*What is expected:* Within the listing that follows, reproduce exactly the lines starting at the line with "Corona dental de" and ending at the line with "Фотографии заболеваний волос и кожи головы", inclusive, and only those. Pictures are dropped.

*Information shown:*

··········

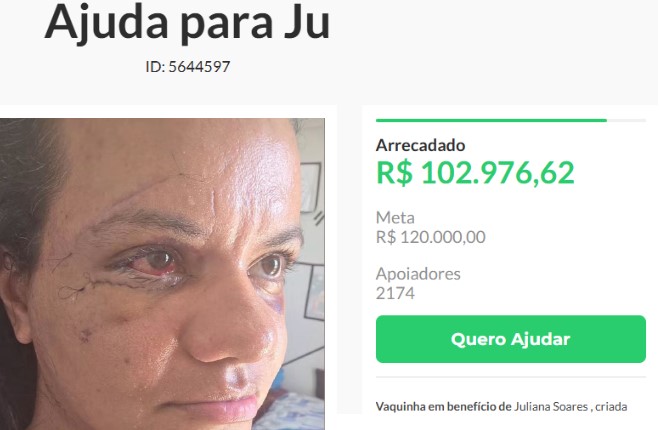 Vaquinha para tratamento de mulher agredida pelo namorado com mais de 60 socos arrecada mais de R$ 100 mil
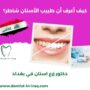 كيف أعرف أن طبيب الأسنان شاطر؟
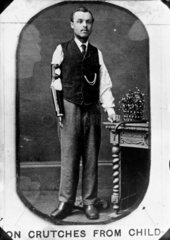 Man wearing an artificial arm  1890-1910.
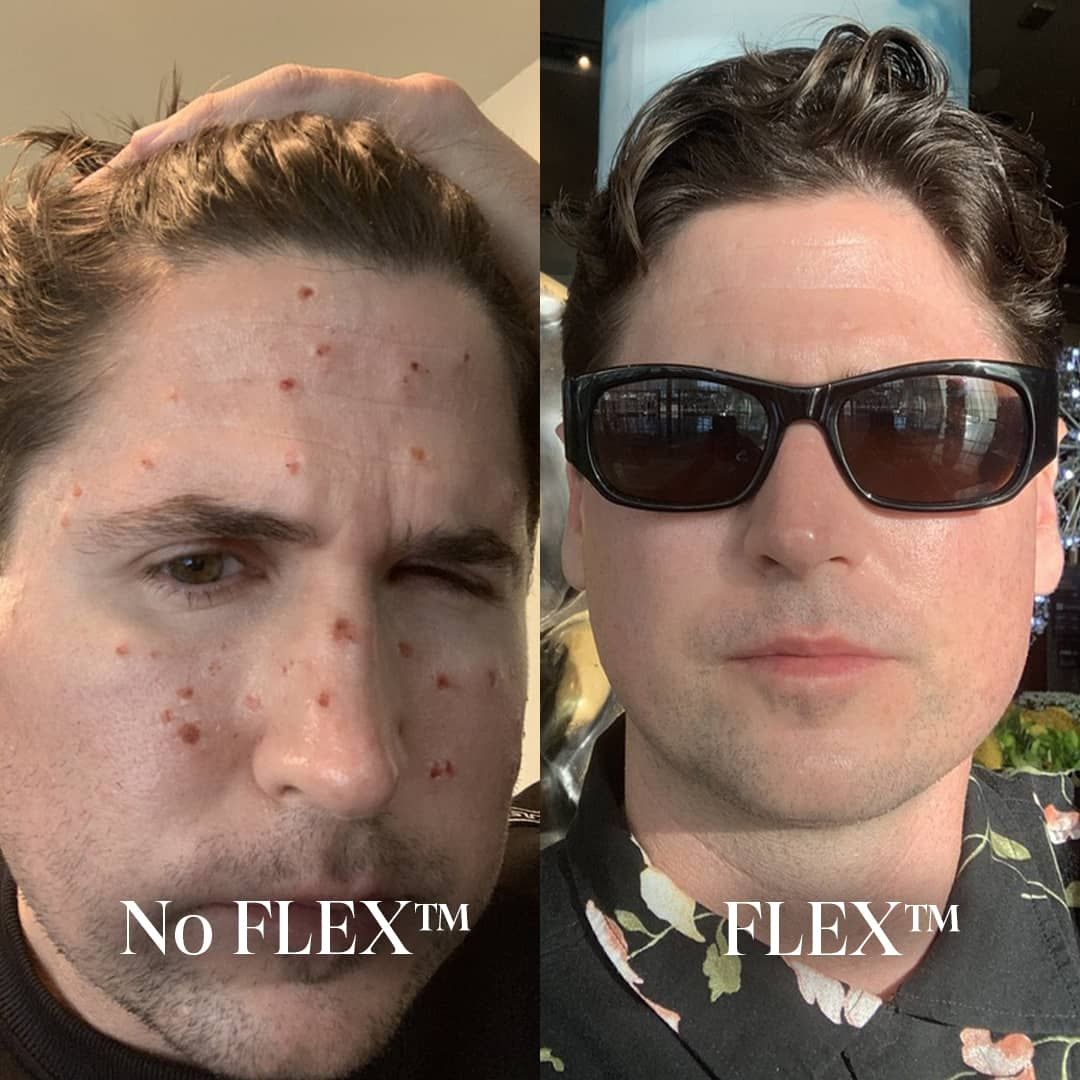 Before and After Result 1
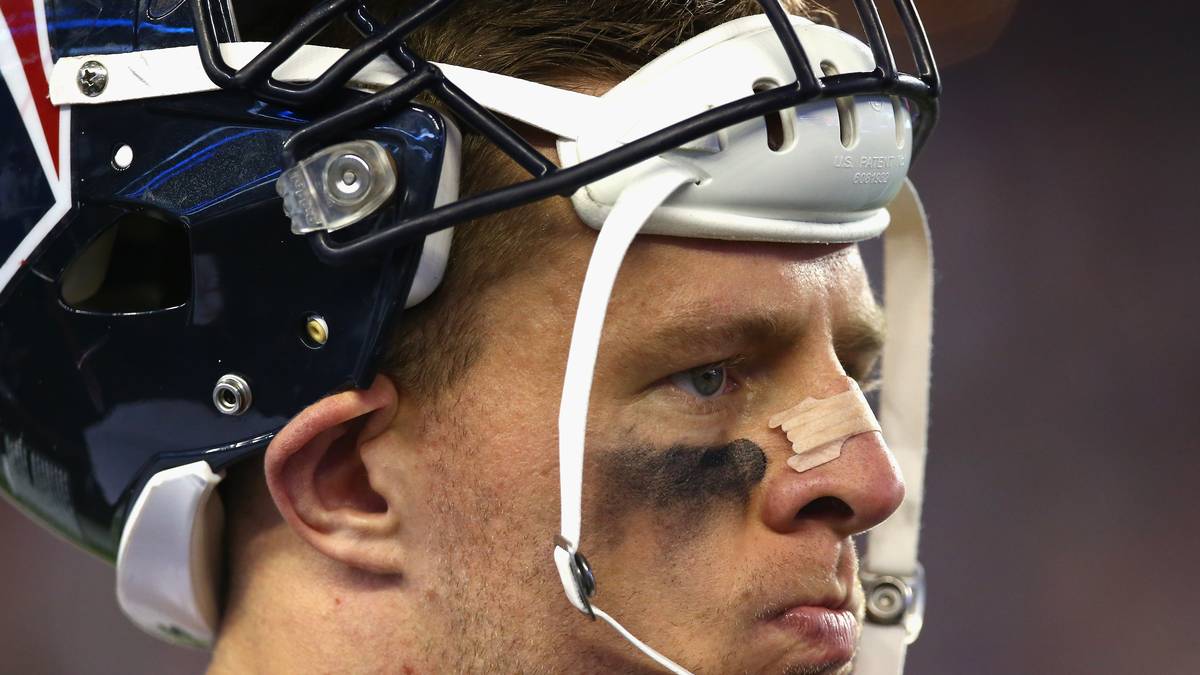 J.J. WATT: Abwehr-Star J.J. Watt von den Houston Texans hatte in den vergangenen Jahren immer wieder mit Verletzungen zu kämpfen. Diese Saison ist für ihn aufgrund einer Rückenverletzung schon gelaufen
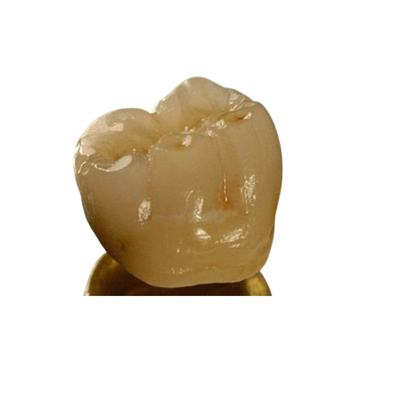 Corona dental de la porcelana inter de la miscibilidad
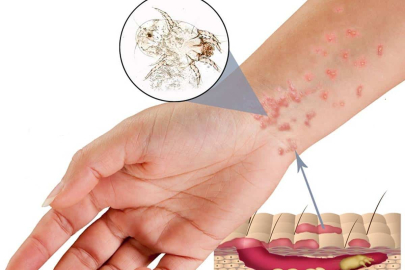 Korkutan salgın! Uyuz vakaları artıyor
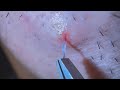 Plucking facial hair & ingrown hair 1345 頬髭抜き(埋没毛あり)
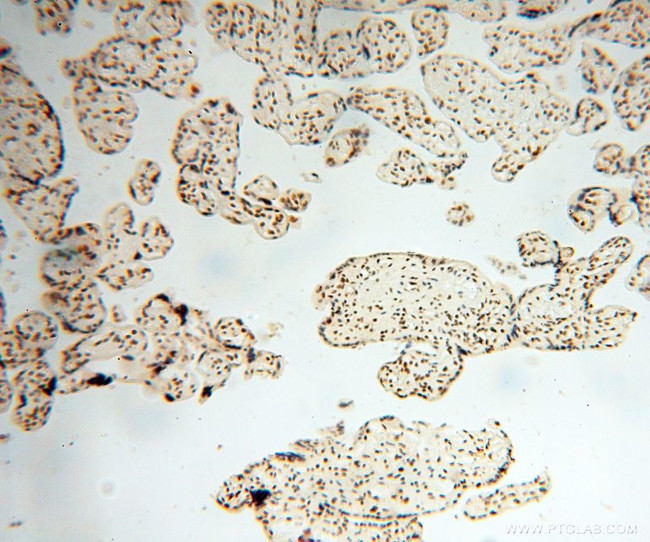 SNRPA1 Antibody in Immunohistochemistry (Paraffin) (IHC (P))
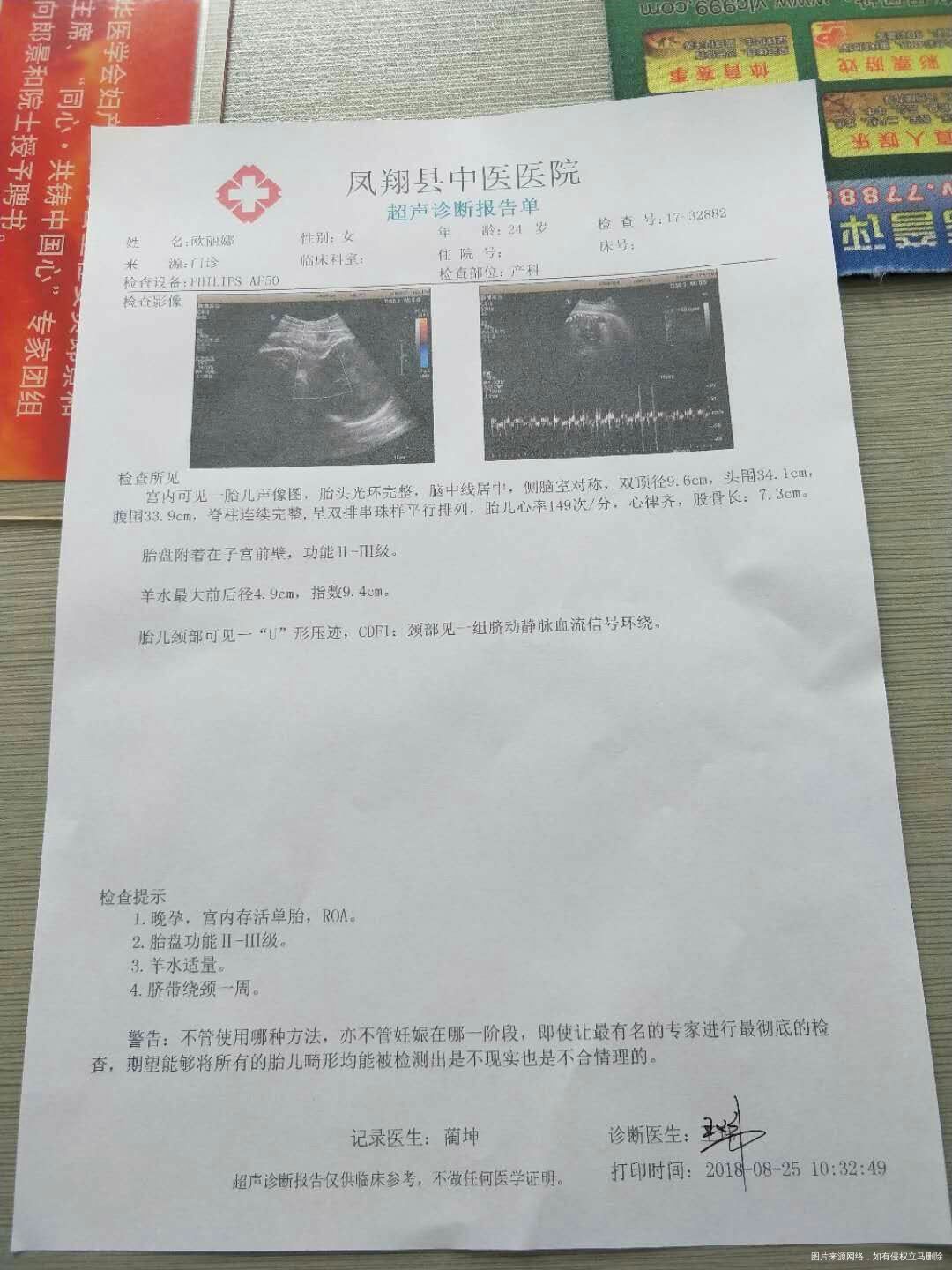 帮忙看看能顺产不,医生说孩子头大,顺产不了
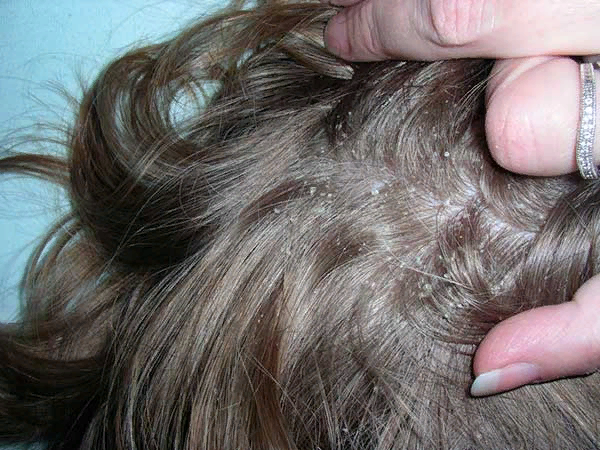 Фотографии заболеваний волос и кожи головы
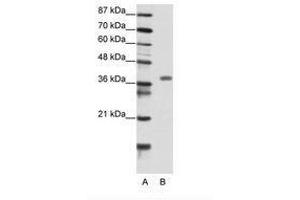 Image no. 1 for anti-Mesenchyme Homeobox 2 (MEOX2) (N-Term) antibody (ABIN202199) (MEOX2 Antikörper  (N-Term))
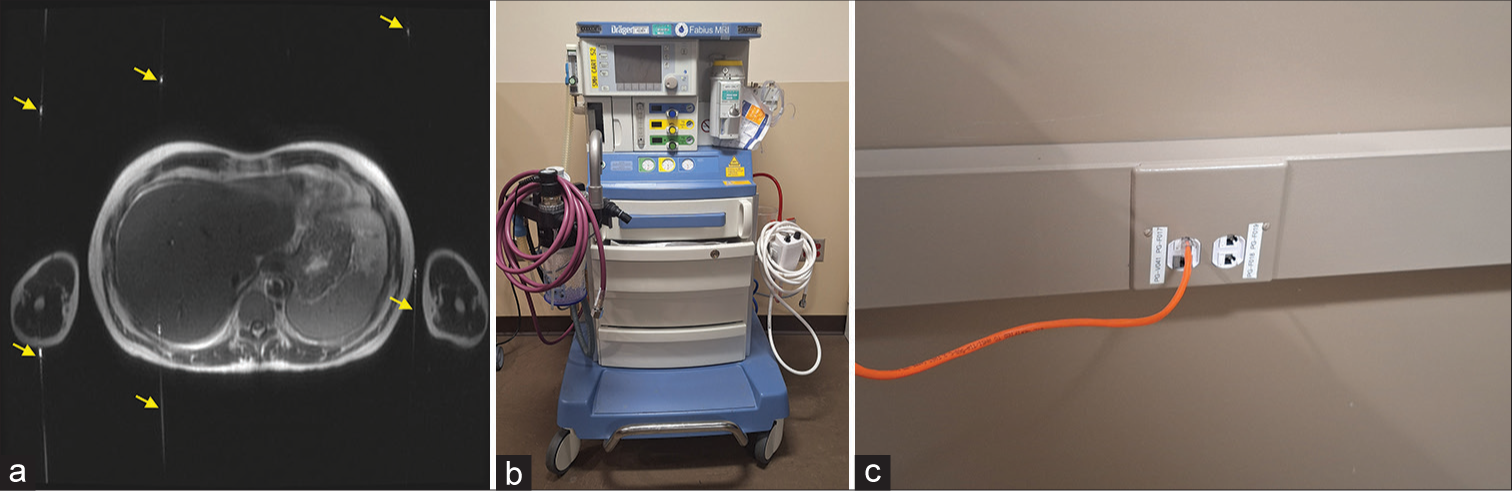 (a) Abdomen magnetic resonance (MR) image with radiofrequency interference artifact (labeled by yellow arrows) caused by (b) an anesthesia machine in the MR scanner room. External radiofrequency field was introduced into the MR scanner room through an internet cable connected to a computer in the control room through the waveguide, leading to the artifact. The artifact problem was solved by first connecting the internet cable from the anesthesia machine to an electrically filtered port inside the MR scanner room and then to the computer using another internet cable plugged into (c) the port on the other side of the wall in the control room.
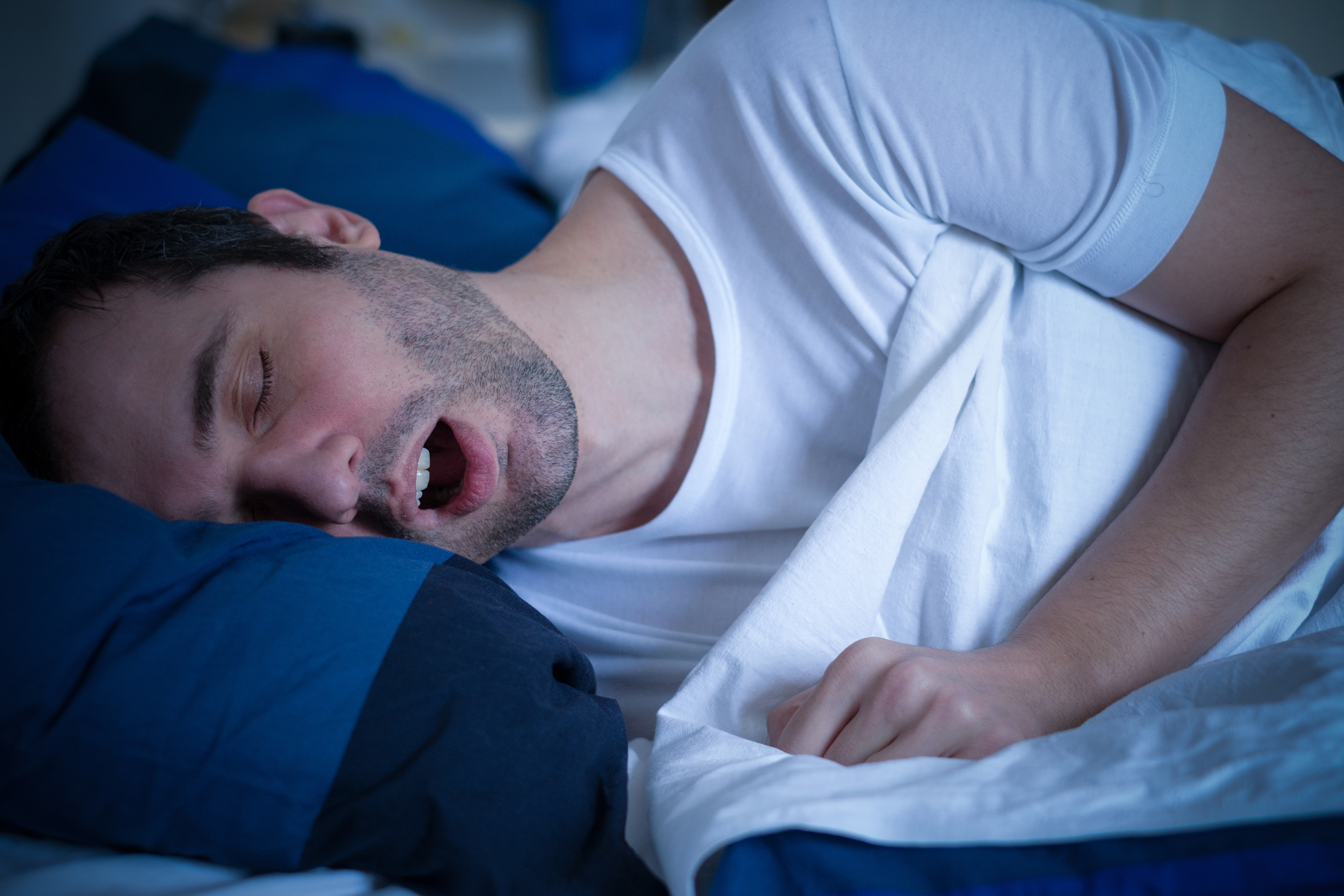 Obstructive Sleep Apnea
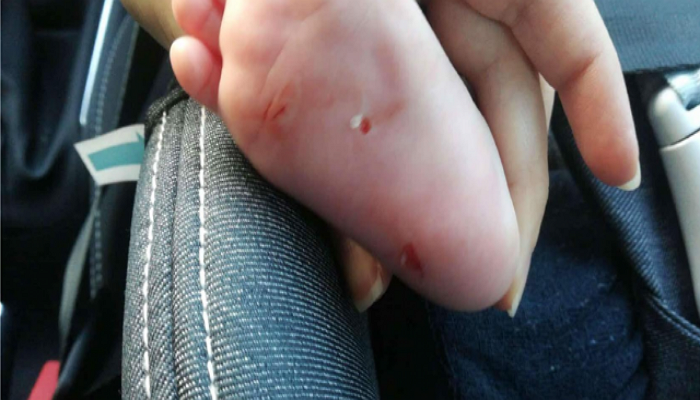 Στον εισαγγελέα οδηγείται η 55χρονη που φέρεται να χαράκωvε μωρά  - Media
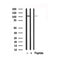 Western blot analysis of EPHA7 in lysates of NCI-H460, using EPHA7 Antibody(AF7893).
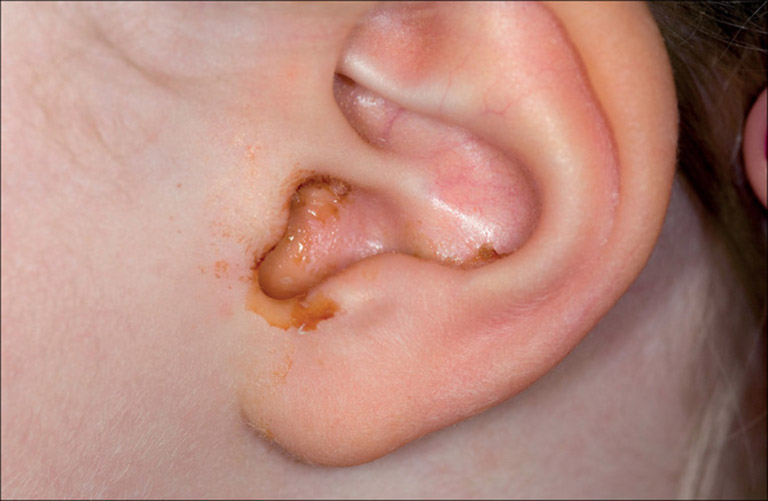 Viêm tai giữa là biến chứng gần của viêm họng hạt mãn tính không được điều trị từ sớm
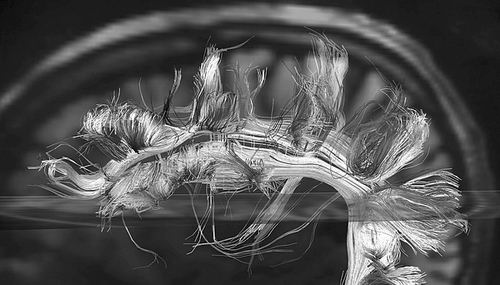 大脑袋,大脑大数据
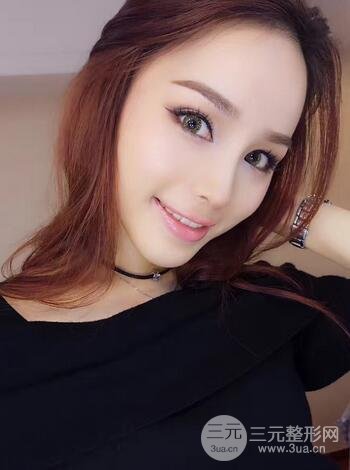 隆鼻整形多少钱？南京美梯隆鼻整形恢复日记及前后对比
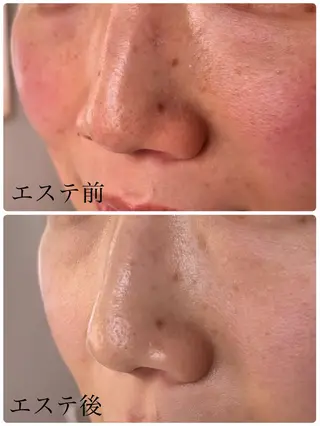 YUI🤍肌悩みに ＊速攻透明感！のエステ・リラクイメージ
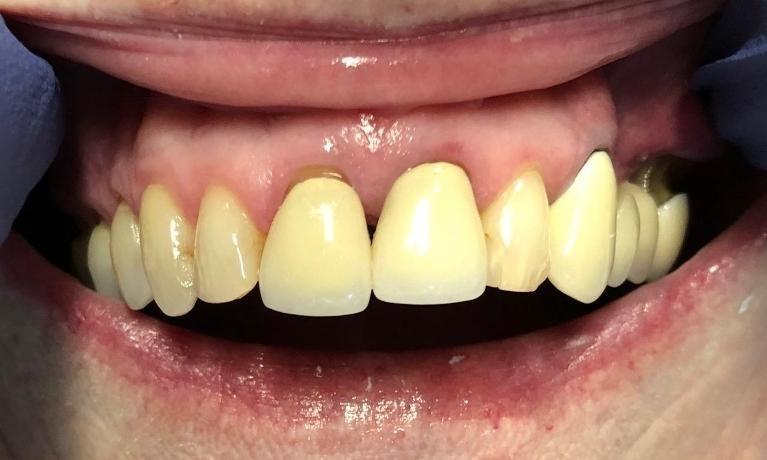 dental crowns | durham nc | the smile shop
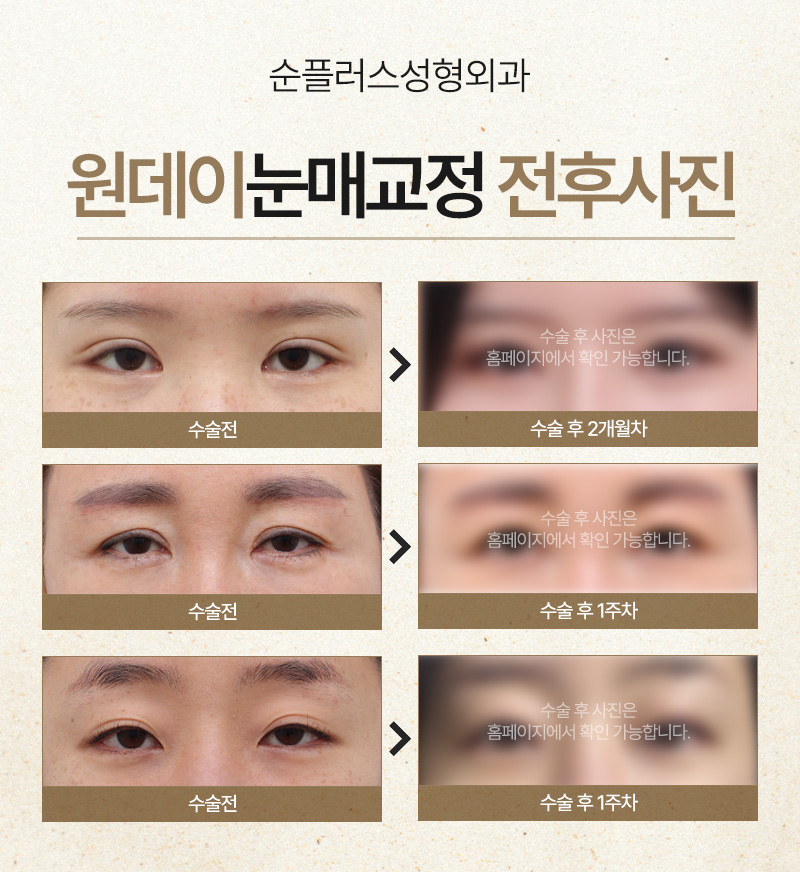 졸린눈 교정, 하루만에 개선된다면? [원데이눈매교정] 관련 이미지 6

··········

*Exercise output:*
 Corona dental de la porcelana inter de la miscibilidad
 Korkutan salgın! Uyuz vakaları artıyor
 Plucking facial hair & ingrown hair 1345 頬髭抜き(埋没毛あり)
 SNRPA1 Antibody in Immunohistochemistry (Paraffin) (IHC (P))
 帮忙看看能顺产不,医生说孩子头大,顺产不了
 Фотографии заболеваний волос и кожи головы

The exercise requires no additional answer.